**Exercise details**
Could you retype exactly the lines below between the one holding "2024-10-21 - Players" and the one holding "Long manteau en chinchilla...", inclusive, leaving out any pictures?

**Available records**
== Segment start ==
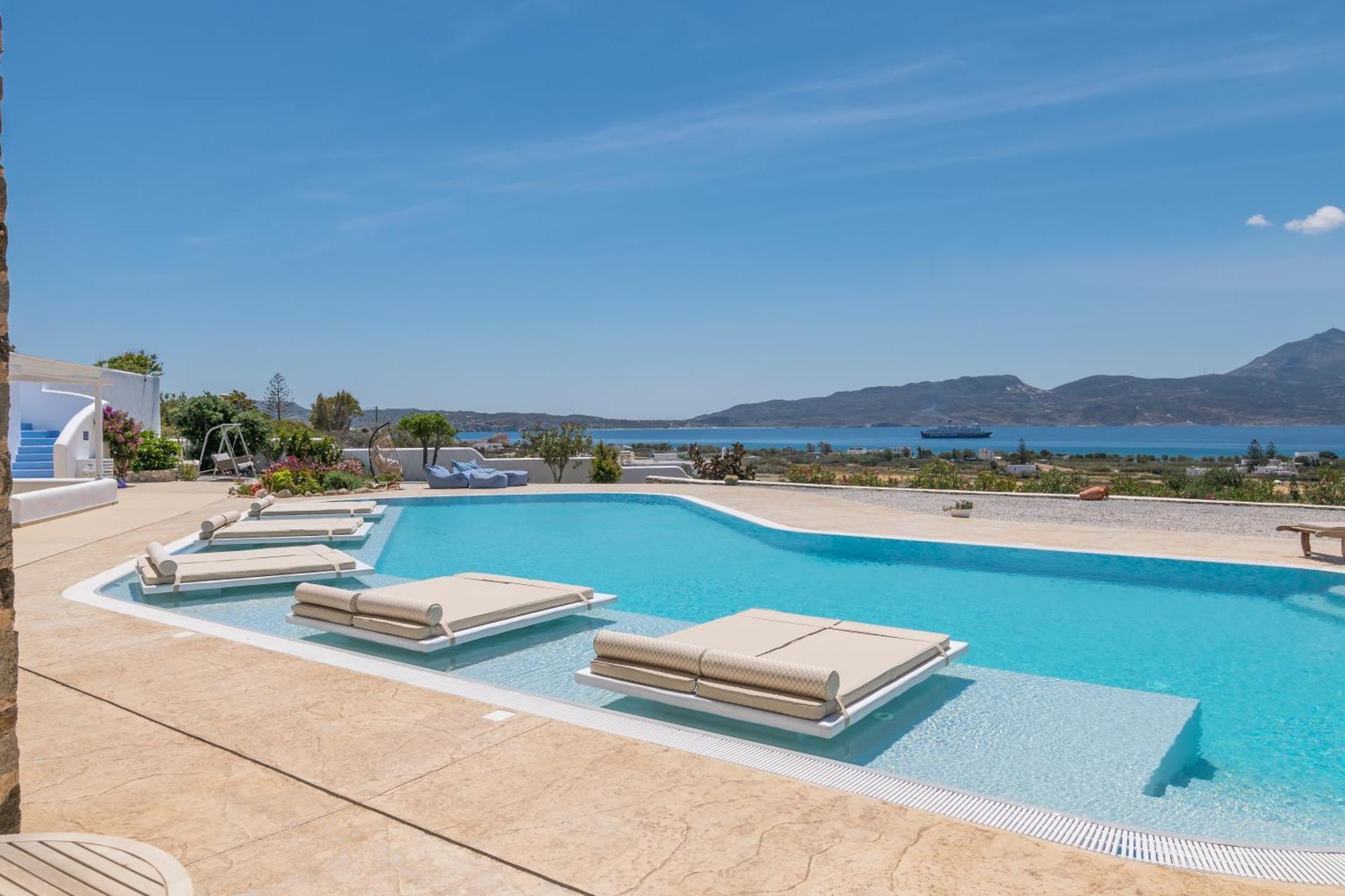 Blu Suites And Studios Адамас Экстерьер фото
== Segment end ==
== Segment start ==
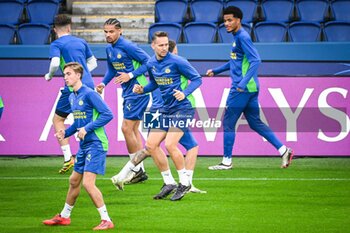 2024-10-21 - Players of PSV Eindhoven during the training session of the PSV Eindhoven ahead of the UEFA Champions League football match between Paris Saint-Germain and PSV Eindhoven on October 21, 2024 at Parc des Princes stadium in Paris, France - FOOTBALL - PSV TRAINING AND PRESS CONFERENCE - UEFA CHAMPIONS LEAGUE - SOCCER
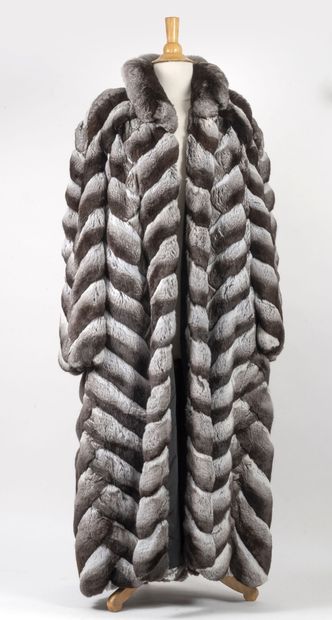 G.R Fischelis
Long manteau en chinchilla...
== Segment end ==
**Answer box**
 2024-10-21 - Players of PSV Eindhoven during the training session of the PSV Eindhoven ahead of the UEFA Champions League football match between Paris Saint-Germain and PSV Eindhoven on October 21, 2024 at Parc des Princes stadium in Paris, France - FOOTBALL - PSV TRAINING AND PRESS CONFERENCE - UEFA CHAMPIONS LEAGUE - SOCCER
 G.R Fischelis
Long manteau en chinchilla...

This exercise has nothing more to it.